Before the Blackhawks can set their sights on ending the league's longest championship drought, they need to become relevant again, both to the fans and the media. As Steve Rosenbloom of ESPN 1000 and the Chicago Tribune has put it so eloquently in his blog, "The Hawks leave Chicago for the circus road trip. In the meantime, the city will vote on whether to allow them to come back."

The problem with the Blackhawks starts at the top with owner Bill Wirtz, who may rank right there with Charles Comiskey of 1919 Black Sox infamy for the worst sports franchise owner in city history. In the STATS newsroom a few nights back, some of us were surprised to see a home game being broadcast on television.

The Blackhawks have had a long-standing -- and pretty damned silly -- policy of NOT broadcasting home games. They may be easing off that, somewhat, as last Friday's 3-0 loss to Anaheim was the first of five games from the United Center this season.

"The last time we had more was when HawkVision was in operation in the mid-1980s," Jim Corno, senior vice president and general manager of Comcast SportsNet told the Chicago Sun-Times. "This is the most we've done in about 20 years."

Then there is this from the Nov. 9 Forbes.com article, which ranked the Blackhawks 12th in value among NHL franchises at $168 million.

The Chicago Blackhawks, which have been owned by the Wirtz family for over 50 years, are the most undervalued franchise in sports because of shoddy management.

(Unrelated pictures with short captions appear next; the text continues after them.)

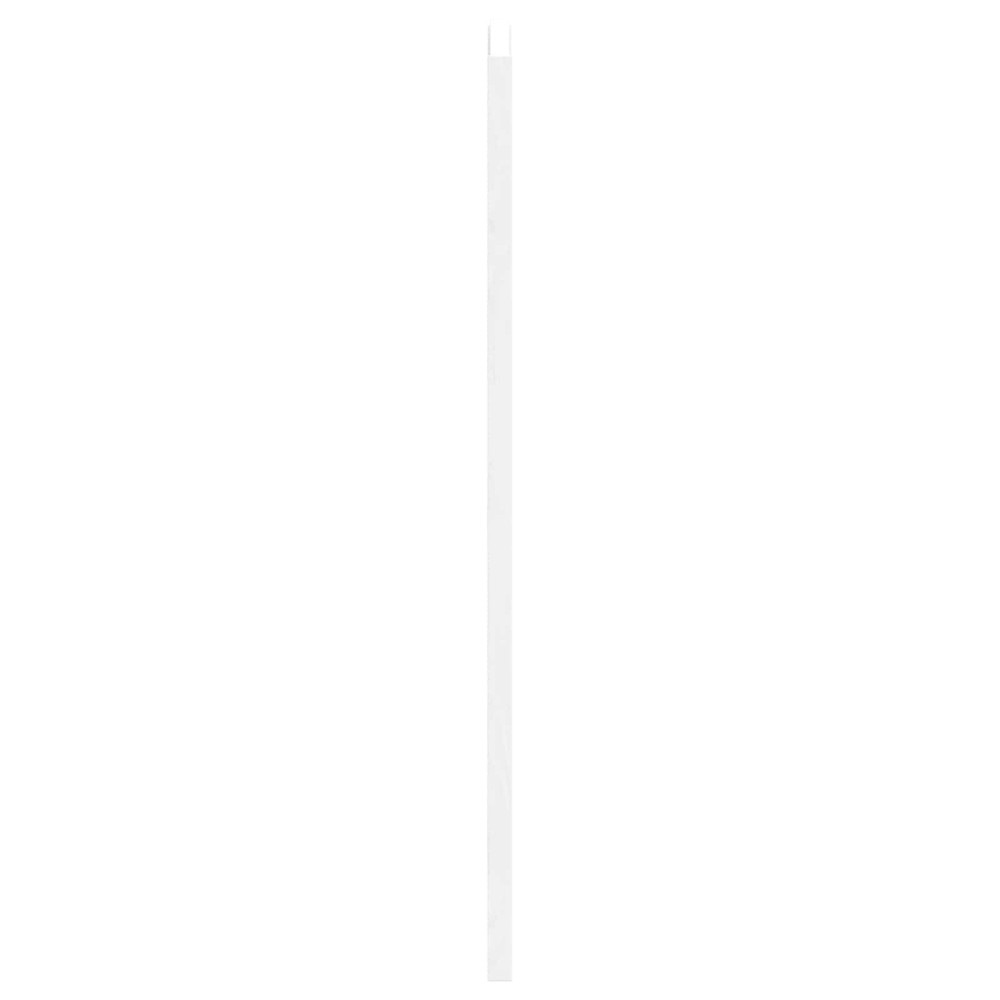 Produktbild för Svängdörrar Vit 80 x 50 cm Massiv furu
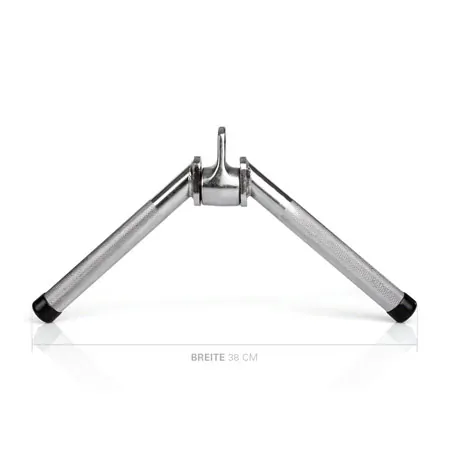 Triceps bar, W-shape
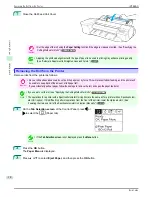 Предварительный просмотр 14 страницы Canon imagePROGRAF iPF6450 Basic Manual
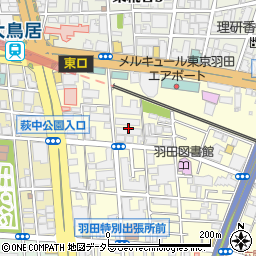 大倉商工株式会社　業務部周辺の地図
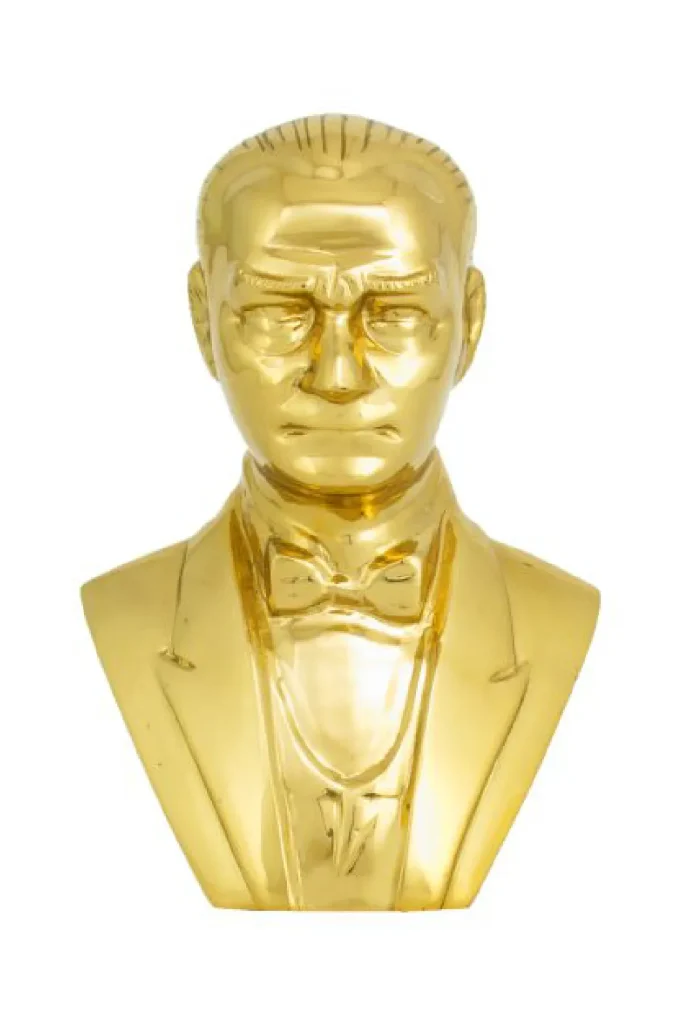 30 cm pirinc ataturk bustu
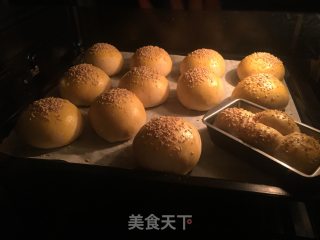 #the 4th Baking Contest and is Love to Eat Festival# Coarse Grains are Also Delicious-whole Wheat Bean Paste Buns recipe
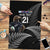 New Zealand Rugby Custom Puzzle Glory Be To Black Silver-fern - Polynesian Pride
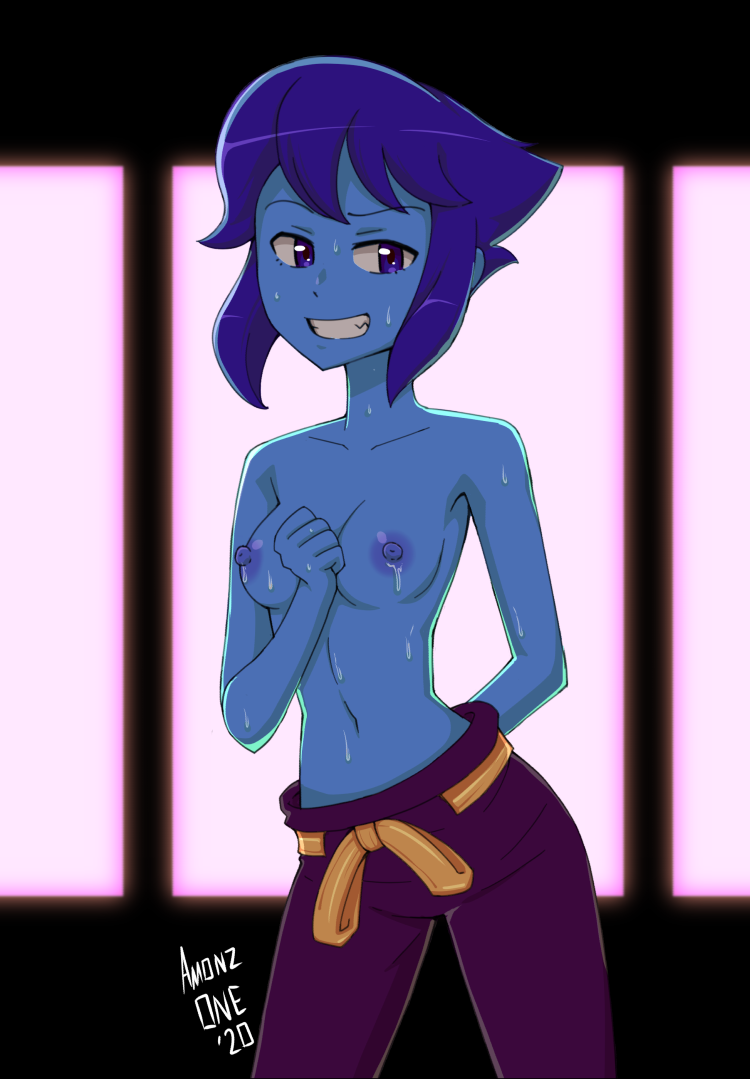 Peridot + Lapis comic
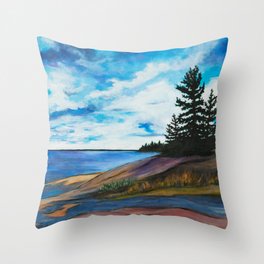 Georgian Bay Throw Pillow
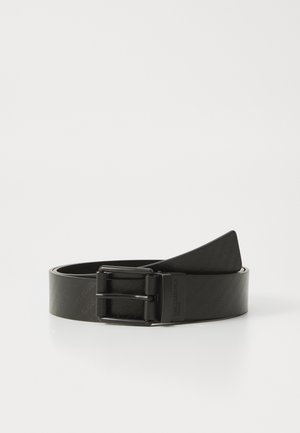REVERSIBLE DEBOSSED BELT - Belt - black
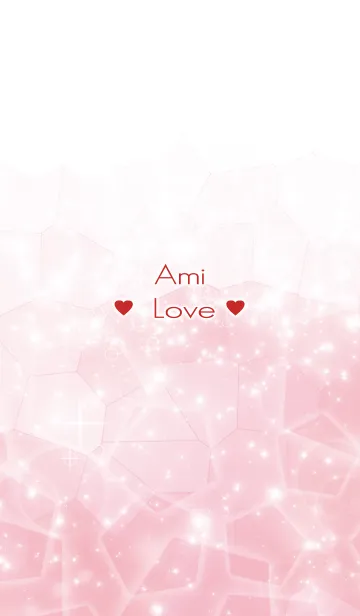 [LINE着せ替え] あみ Love☆Themeの画像1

One of the NHL's original six franchises and owner of one of the most recognizable team logos in sports, the Blackhawks would be worth tens of millions of dollars more in the right hands.

Adding to all that, the Blackhawks have made many poor draft-day decisions.

How bad? Consider in 1987, goaltender Jimmy Waite was selected by Chicago eighth overall. Seven picks later, the Quebec Nordiques took future 1,500-point scorer and Hall of Famer Joe Sakic.

Three years later, defenseman Karl Dykhius was taken with the 16th selection ... and four picks before the New Jersey Devils took three-time Stanley Cup-winning goaltender Martin Brodeur, who eventaully will pass Patrick Roy on the all-time wins list.

In 2000, the Hawks had the ninth and 10th picks, using them on Mikhail Yakubov and Pavel Vorobiev. Some names that were bypassed include Alexander Frolov, Lubomir Visnovsky and John-Michael Liles.